The location has undergone a dramatic transformation already in the last few years, evolving from what was a somewhat disappointing destination – particularly for the many charitable explorers who reach John O’Groats at the start or the end of the longest trek in the UK – to a place with award-winning accommodation and shops.
As part of Highlands & Island Enterprise backed multi-million-pound regeneration of the area, 23 luxury residences were launched in 2012, the Storehouse and Last House-Outfitters also opened in that year.
The the restoration and Norse style extension of the John O’Groats hotel, originally built in 1875, into the Inn at John O’Groats and its self-catering apartments, opened in 2013.
Overlooking the Pentland Firth to the Orkneys, the site is famous for lying on the north-eastern point of one end of the longest distance between two inhabited points on the British mainland, with Land’s End in Cornwall 876 miles to the southwest.
As a destination, John O’Groats has benefited significantly from the regeneration and the investment and growth of other operators in the area.
Furthermore, the North Coast 500 has become highly successful in both the domestic and international tourism markets.
The wider region is also starting to see the economic benefits of MeyGen, the world’s largest tidal energy plant, in the Pentland Firth, which will see long-term onshore benefits and opportunities.
Outline planning consent is now in place for a masterplan development of the wider John O’Groats site, around a series of six zones, offering a broad range of opportunities, which joint agents Shepherd Chartered Surveyors and Strutt & Parker will promote.
Development in each zone will take place as and when demand and investment is present.
The six zones include the harbour front and public realm buildings; a pedestrian square, including food and beverage, retail and small residential units; the natural retreats site with holiday accommodation and a park; and a zone for artisan units such as a micro-brewery, distillery, or weavers.
There is also a potential pavilion building at the heart of a village green and a residential quarter which could feature family housing, detached cottages, villas and terraced houses plus a market garden or allotments.
Euan MacCrimmon at Strutt & Parker, says: “We are very excited about the opportunity, particularly given that John O’Groats is very much enjoying a surge in popularity, following the last five years of large-scale new developments.

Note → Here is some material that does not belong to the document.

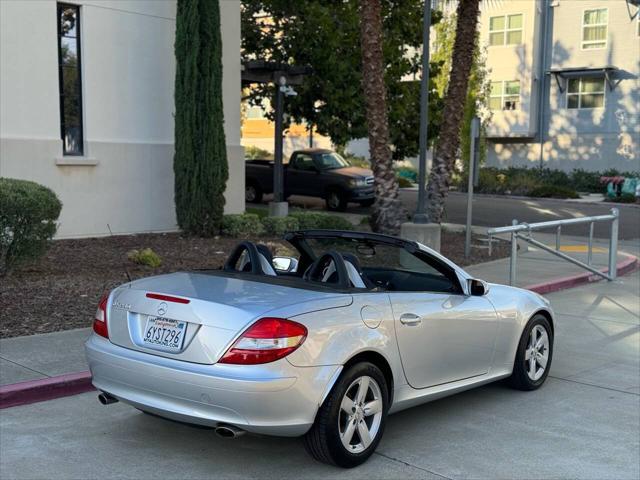 2006 Mercedes-Benz SLK SLK 280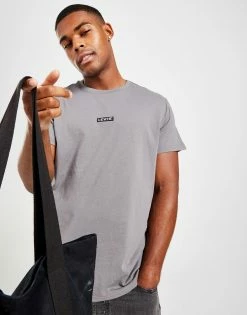 Levi's Baby Tab T-Shirt Herre Grå -Herretoj Salg jd 575136 b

“It is unique and quite an open book in terms of what the planners have given permission for.
“Developers, investors and tenants are being asked to come forward with ideas and they are looking at a variety of types of occupancy or investment.
“At the upper level are the larger house builders but the owners are also welcoming approaches from individual boutique retailers, for example, so it is a really wide remit.”
He says that the task now is to find the right partners to develop the site further.
“We are joint agents with Shepherd to make the marketing as broad as possible.
“We have national UK coverage with a comprehensive residential arm, whereas Shepherd have a strong commercial presence in Scotland, so between us we probably cover every part of the market.”